(Short text fragments from websites)

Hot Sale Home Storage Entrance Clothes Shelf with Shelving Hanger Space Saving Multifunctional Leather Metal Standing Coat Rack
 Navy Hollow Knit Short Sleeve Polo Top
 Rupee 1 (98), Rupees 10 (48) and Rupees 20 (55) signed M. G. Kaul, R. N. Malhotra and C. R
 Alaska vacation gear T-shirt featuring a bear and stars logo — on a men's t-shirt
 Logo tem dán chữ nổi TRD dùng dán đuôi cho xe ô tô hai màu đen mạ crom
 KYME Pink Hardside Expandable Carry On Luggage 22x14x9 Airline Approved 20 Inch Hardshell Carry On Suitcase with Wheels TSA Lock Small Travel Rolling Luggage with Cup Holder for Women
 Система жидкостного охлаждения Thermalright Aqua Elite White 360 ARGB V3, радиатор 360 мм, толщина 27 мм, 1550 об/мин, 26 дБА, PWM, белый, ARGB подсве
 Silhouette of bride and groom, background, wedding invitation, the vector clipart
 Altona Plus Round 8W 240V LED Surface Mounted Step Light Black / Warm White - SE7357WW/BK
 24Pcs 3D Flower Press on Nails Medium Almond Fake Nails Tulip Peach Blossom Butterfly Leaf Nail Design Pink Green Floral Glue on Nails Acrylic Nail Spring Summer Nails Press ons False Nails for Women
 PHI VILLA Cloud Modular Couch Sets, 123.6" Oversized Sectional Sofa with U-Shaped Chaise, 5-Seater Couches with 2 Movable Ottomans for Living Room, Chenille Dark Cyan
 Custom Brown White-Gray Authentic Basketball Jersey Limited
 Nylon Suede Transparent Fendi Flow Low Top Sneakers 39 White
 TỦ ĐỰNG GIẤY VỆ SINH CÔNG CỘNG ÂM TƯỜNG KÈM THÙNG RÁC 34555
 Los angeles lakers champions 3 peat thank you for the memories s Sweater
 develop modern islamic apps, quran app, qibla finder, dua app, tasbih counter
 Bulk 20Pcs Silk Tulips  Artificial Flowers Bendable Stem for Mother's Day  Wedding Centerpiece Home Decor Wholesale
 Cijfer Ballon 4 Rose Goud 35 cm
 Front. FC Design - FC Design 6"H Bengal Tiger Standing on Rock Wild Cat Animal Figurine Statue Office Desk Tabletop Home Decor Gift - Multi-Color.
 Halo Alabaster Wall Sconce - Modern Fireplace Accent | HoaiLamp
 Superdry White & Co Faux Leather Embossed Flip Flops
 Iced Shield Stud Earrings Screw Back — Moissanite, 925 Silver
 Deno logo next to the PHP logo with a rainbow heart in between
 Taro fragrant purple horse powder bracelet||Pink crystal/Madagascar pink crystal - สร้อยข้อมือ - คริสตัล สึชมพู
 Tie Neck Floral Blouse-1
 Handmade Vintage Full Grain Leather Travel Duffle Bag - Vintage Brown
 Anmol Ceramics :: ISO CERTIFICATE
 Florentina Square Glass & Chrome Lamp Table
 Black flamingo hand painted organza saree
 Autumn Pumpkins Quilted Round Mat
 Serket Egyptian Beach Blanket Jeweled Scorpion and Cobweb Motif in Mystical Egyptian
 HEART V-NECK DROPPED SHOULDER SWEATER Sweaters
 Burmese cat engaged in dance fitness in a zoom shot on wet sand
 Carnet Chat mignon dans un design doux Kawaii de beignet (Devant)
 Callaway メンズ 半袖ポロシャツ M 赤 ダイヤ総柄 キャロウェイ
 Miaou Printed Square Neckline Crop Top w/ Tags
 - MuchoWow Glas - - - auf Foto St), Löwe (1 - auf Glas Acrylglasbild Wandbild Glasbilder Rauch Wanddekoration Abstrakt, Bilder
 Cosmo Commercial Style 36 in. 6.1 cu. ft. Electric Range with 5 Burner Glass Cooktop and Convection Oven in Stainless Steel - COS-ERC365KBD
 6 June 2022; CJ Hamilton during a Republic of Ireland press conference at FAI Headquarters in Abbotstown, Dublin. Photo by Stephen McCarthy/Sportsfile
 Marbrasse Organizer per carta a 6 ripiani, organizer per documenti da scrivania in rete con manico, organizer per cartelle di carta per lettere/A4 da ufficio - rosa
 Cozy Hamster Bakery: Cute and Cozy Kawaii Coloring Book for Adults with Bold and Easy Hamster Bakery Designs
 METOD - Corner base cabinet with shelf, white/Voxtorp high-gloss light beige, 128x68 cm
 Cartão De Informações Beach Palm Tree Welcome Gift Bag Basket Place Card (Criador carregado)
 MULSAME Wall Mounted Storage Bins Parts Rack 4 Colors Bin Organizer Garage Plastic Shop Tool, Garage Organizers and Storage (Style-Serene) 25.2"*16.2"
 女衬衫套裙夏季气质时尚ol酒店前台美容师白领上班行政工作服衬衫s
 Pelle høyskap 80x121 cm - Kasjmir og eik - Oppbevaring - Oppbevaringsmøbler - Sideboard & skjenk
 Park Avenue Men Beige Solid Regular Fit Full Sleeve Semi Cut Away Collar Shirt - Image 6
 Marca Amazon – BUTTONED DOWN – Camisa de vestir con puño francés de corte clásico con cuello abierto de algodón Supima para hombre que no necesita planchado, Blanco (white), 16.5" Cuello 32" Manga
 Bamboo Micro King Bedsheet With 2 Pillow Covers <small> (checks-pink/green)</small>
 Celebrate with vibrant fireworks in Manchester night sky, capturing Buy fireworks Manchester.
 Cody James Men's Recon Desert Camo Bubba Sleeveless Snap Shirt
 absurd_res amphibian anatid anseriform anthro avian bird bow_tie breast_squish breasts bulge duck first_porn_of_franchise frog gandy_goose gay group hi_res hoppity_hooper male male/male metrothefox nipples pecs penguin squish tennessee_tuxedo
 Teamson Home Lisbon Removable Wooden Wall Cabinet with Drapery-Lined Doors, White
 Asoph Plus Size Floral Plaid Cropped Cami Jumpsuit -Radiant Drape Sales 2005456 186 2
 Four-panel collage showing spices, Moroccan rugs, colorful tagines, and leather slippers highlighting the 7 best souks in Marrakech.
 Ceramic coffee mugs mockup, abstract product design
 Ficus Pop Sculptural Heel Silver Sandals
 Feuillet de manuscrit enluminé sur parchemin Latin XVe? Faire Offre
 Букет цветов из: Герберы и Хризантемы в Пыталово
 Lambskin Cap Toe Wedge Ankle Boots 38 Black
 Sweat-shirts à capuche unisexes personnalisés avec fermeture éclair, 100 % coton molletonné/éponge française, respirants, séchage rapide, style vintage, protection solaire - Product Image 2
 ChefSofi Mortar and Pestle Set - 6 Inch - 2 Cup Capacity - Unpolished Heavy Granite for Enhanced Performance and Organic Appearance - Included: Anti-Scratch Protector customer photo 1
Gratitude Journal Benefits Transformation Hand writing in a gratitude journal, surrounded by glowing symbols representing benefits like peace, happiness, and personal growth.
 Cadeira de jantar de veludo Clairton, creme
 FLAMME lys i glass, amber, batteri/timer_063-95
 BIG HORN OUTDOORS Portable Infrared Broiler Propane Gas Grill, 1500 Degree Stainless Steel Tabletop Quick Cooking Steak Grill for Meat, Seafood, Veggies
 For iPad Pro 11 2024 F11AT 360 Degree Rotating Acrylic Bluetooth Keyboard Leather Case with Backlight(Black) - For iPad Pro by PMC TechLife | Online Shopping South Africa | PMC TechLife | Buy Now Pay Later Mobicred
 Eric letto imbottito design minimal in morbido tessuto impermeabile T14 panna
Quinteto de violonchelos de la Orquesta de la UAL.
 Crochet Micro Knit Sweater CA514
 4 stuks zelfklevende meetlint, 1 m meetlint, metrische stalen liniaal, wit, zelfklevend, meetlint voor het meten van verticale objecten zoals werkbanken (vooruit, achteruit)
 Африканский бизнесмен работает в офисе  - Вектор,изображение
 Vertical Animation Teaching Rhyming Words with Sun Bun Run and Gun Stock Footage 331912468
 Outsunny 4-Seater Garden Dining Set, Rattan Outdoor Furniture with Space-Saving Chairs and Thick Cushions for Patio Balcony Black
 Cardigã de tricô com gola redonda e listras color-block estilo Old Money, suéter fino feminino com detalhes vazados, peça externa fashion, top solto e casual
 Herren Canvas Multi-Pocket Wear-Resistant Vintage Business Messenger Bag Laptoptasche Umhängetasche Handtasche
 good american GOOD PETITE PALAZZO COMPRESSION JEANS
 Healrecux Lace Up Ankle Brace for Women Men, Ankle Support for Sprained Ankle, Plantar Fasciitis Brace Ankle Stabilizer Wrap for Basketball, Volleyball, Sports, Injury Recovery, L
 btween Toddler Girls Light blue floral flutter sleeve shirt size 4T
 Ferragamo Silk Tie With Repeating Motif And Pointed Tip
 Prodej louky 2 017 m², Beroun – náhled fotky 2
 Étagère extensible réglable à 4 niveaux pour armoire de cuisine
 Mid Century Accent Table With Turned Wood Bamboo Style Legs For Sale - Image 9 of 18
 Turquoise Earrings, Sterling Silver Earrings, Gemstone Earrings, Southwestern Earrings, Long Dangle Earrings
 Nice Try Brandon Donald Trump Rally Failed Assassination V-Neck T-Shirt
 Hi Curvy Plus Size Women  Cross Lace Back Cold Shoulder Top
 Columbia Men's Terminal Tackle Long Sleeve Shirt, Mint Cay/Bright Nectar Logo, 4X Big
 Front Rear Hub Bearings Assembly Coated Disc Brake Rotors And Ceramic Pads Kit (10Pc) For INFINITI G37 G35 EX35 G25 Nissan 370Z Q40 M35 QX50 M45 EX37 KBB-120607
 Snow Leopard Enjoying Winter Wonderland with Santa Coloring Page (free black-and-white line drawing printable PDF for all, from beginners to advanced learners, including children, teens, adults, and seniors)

THE PROBLEM
In restating the data, begin at its first line, reproduce each line word for word, and conclude with the line that contains "Logo tem dán".

RESULT FOR THIS EXERCISE
Hot Sale Home Storage Entrance Clothes Shelf with Shelving Hanger Space Saving Multifunctional Leather Metal Standing Coat Rack
 Navy Hollow Knit Short Sleeve Polo Top
 Rupee 1 (98), Rupees 10 (48) and Rupees 20 (55) signed M. G. Kaul, R. N. Malhotra and C. R
 Alaska vacation gear T-shirt featuring a bear and stars logo — on a men's t-shirt
 Logo tem dán chữ nổi TRD dùng dán đuôi cho xe ô tô hai màu đen mạ crom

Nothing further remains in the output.